Identifying handwritten characters is a common problem in computer vision applications. For example, the USPS uses algorithms to recognize handwritten addresses on envelopes to enable automated mail sorting. Solving this problem using traditional strategies (i.e. edge detection) can be challenging. Can we use data science techniques to recognize handwritten digits (e.g. 0, 1, 2, ... , 9) with a reasonable degree of accuracy?

## Acquire the Data
The MNIST data set is a collection of 70,000 labeled images of handwritten digits. http://yann.lecun.com/exdb/mnist/

We use a pre-processed and pickled version of the dataset made by deeplearning.net.

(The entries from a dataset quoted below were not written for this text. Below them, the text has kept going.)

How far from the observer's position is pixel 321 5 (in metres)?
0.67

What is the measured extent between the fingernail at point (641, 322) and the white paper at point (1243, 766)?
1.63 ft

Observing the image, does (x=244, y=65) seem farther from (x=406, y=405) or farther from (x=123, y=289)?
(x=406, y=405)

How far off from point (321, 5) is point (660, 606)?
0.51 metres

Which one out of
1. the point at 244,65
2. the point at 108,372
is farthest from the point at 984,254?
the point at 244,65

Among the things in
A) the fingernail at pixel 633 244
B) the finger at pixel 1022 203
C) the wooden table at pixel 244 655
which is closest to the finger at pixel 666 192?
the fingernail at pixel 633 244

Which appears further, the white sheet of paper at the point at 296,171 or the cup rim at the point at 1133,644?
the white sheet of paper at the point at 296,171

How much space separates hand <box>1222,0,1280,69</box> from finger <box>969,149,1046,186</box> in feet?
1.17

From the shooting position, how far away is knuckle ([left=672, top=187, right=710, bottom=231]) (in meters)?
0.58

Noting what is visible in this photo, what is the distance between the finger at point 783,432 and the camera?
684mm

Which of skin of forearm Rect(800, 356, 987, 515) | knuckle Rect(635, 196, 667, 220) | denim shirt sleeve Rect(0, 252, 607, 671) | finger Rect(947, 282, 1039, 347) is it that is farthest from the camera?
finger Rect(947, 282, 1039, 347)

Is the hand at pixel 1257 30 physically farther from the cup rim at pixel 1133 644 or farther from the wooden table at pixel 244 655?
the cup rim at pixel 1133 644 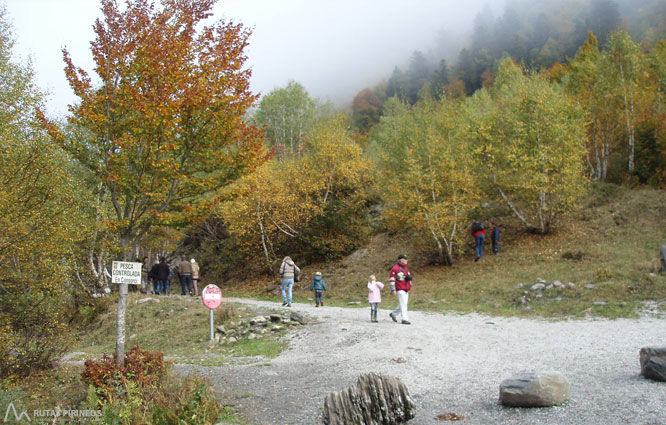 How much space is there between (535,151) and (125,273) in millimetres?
21847

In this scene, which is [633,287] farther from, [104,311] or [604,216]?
[104,311]

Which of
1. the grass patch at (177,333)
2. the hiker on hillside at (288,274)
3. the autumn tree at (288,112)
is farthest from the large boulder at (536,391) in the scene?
the autumn tree at (288,112)

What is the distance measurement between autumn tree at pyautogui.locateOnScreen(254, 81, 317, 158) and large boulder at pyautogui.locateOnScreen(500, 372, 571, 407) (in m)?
42.0

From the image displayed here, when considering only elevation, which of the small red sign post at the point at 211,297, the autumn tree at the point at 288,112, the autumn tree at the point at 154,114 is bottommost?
the small red sign post at the point at 211,297

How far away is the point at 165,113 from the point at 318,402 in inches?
222

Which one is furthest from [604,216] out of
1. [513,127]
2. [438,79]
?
[438,79]

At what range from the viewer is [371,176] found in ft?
108

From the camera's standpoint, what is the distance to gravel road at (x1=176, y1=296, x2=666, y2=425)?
5934mm

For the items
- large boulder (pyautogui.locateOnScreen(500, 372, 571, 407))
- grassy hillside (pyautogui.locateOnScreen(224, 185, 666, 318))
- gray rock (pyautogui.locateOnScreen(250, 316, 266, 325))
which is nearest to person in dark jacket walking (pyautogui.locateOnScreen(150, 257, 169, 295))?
grassy hillside (pyautogui.locateOnScreen(224, 185, 666, 318))

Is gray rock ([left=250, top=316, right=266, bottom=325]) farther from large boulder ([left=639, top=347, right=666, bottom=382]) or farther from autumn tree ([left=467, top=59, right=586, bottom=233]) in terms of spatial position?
autumn tree ([left=467, top=59, right=586, bottom=233])

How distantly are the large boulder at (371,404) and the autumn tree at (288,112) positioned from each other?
1655 inches

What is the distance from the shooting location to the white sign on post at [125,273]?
25.4ft

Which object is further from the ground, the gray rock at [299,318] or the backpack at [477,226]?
the backpack at [477,226]

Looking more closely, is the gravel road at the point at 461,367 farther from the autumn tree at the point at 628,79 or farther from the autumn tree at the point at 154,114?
the autumn tree at the point at 628,79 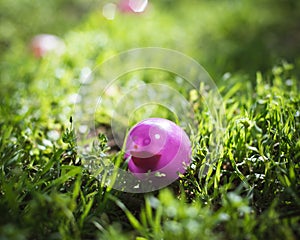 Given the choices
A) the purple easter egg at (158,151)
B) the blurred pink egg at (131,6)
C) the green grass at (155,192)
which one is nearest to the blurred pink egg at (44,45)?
the green grass at (155,192)

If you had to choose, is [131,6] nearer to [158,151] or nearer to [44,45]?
[44,45]

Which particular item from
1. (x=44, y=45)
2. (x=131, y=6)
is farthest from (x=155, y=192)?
(x=131, y=6)

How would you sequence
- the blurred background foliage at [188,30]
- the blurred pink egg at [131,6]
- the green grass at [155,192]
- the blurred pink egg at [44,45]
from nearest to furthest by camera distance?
the green grass at [155,192] < the blurred background foliage at [188,30] < the blurred pink egg at [44,45] < the blurred pink egg at [131,6]

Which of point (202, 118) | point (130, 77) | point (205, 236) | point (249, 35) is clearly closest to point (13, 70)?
point (130, 77)

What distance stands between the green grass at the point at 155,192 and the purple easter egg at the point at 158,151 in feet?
0.22

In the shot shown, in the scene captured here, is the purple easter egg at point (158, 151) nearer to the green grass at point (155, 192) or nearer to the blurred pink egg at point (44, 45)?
the green grass at point (155, 192)

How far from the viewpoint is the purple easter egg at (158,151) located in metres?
1.77

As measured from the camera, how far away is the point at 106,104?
267 centimetres

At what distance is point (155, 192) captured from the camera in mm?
1772

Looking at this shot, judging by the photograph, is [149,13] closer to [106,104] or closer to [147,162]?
[106,104]

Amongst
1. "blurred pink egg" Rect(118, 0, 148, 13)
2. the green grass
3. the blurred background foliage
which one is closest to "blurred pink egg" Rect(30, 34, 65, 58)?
the blurred background foliage

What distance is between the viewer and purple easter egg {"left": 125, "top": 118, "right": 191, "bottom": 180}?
5.79 ft

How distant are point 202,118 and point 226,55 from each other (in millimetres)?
1562

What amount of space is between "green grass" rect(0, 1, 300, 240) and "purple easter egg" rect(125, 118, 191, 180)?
0.22 ft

The pickled version can be downloaded from: http://deeplearning.net/data/mnist/mnist.pkl.gz

In [1]:
import os
from sklearn import linear_model, cross_validation, metrics, preprocessing
import pandas as pd
import matplotlib.pyplot as plt
import cPickle
import gzip
import numpy as np

In [2]:
# for convinience, we use a pickled version of the MNIST dataset
f = gzip.open('mnist.pkl.gz', 'rb')
train_set, valid_set, test_set = cPickle.load(f)
f.close()

## Parse, Mine, and Refine the Data

'train_set' is a tuple. The first element is an array where each row represents an image. An image consists of 28x28 pixels where each pixel is represented as a float.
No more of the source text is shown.